Problem requirements
In your copy, include every line of the records exactly and no picture at all.

** Opening Material to process block **

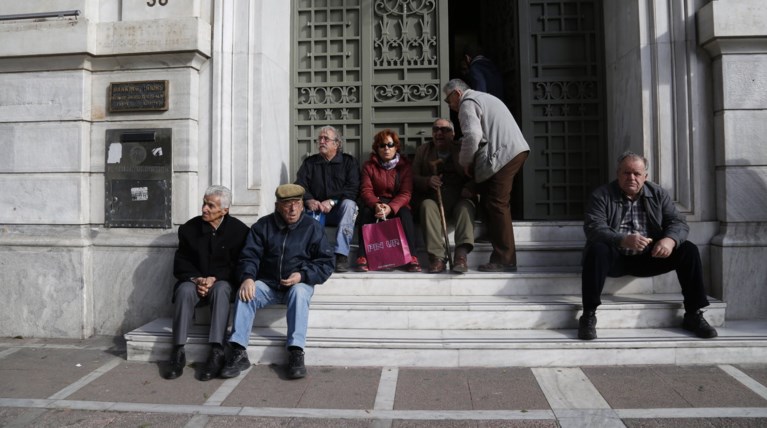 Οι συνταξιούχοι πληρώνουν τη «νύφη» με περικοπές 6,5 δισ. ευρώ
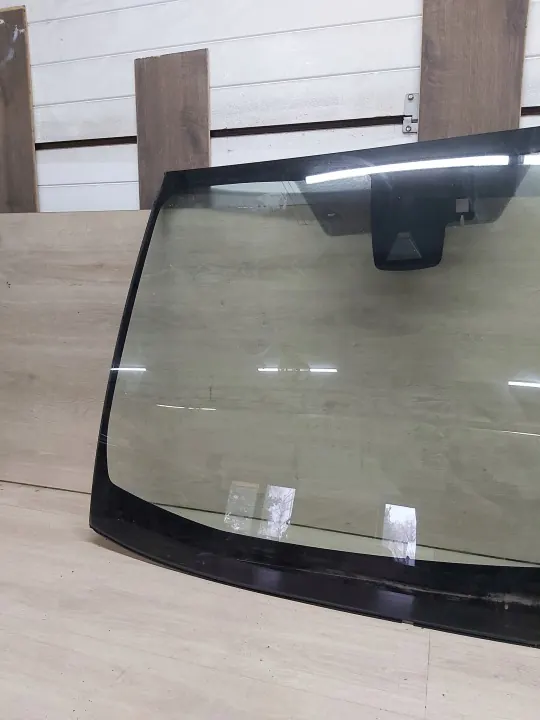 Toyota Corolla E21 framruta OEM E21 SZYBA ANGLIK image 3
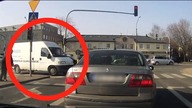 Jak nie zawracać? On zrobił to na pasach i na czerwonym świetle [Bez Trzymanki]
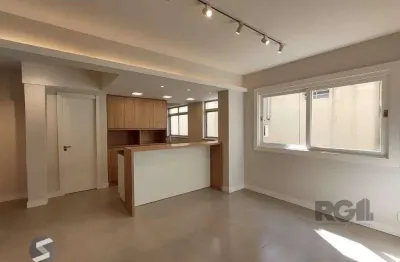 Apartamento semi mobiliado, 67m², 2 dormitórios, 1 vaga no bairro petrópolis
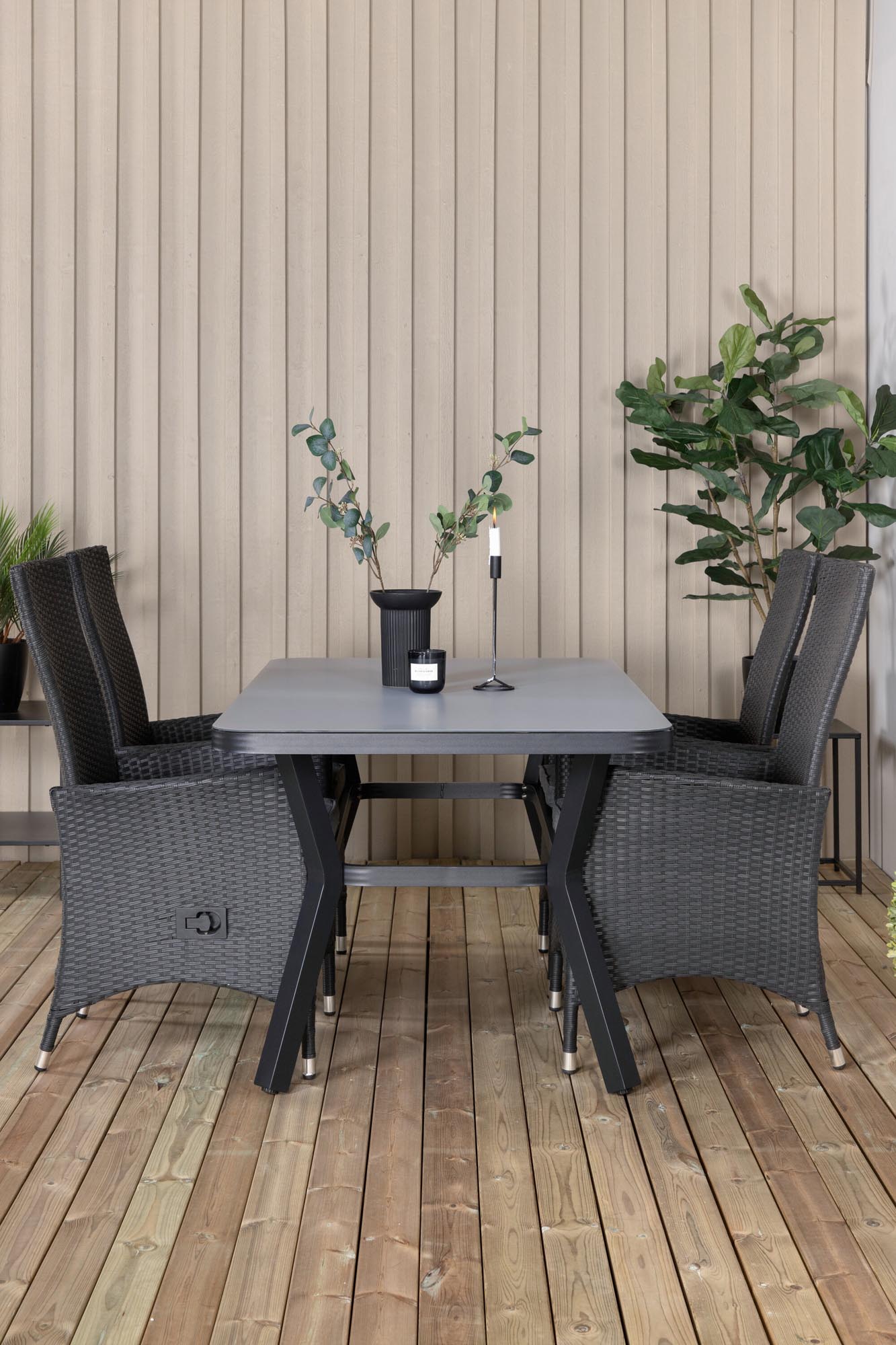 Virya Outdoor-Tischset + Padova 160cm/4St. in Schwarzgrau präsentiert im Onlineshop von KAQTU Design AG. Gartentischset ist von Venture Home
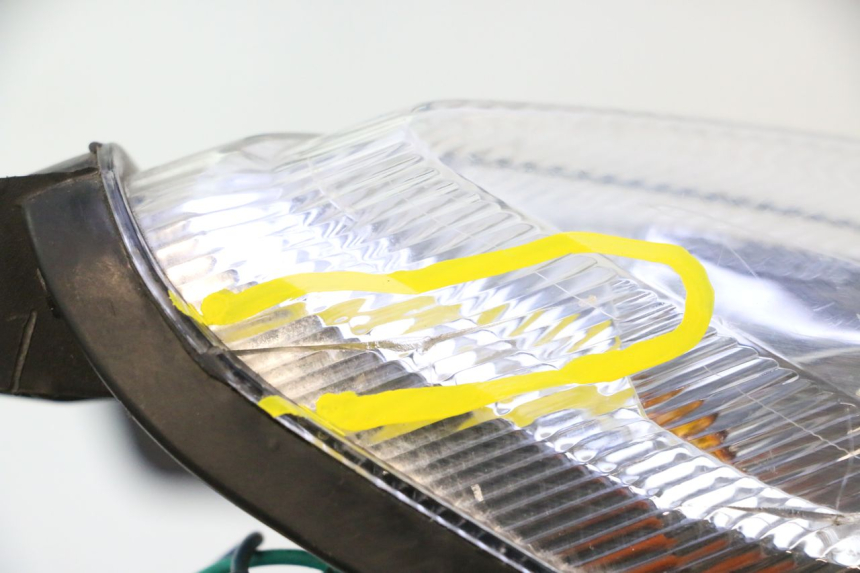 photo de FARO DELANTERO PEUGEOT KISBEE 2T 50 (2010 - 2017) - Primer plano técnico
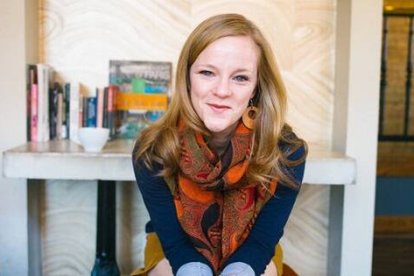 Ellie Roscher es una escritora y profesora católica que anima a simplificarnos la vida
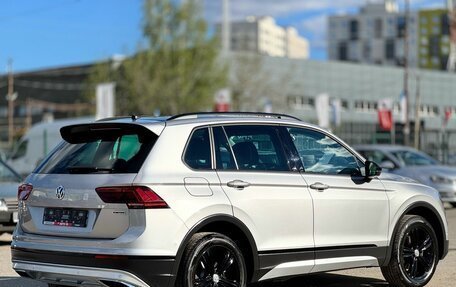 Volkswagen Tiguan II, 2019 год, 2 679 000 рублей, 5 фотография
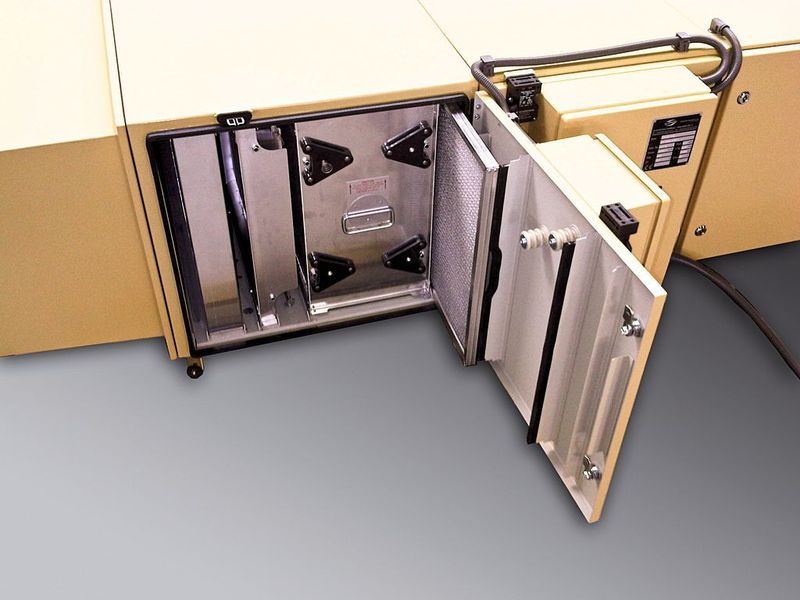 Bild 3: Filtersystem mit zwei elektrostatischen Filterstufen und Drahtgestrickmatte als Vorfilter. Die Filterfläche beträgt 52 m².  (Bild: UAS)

** Closing Material to process block **

Answer area
 Οι συνταξιούχοι πληρώνουν τη «νύφη» με περικοπές 6,5 δισ. ευρώ
 Toyota Corolla E21 framruta OEM E21 SZYBA ANGLIK image 3
 Jak nie zawracać? On zrobił to na pasach i na czerwonym świetle [Bez Trzymanki]
 Apartamento semi mobiliado, 67m², 2 dormitórios, 1 vaga no bairro petrópolis
 Virya Outdoor-Tischset + Padova 160cm/4St. in Schwarzgrau präsentiert im Onlineshop von KAQTU Design AG. Gartentischset ist von Venture Home
 photo de FARO DELANTERO PEUGEOT KISBEE 2T 50 (2010 - 2017) - Primer plano técnico
 Ellie Roscher es una escritora y profesora católica que anima a simplificarnos la vida
 Volkswagen Tiguan II, 2019 год, 2 679 000 рублей, 5 фотография
 Bild 3: Filtersystem mit zwei elektrostatischen Filterstufen und Drahtgestrickmatte als Vorfilter. Die Filterfläche beträgt 52 m².  (Bild: UAS)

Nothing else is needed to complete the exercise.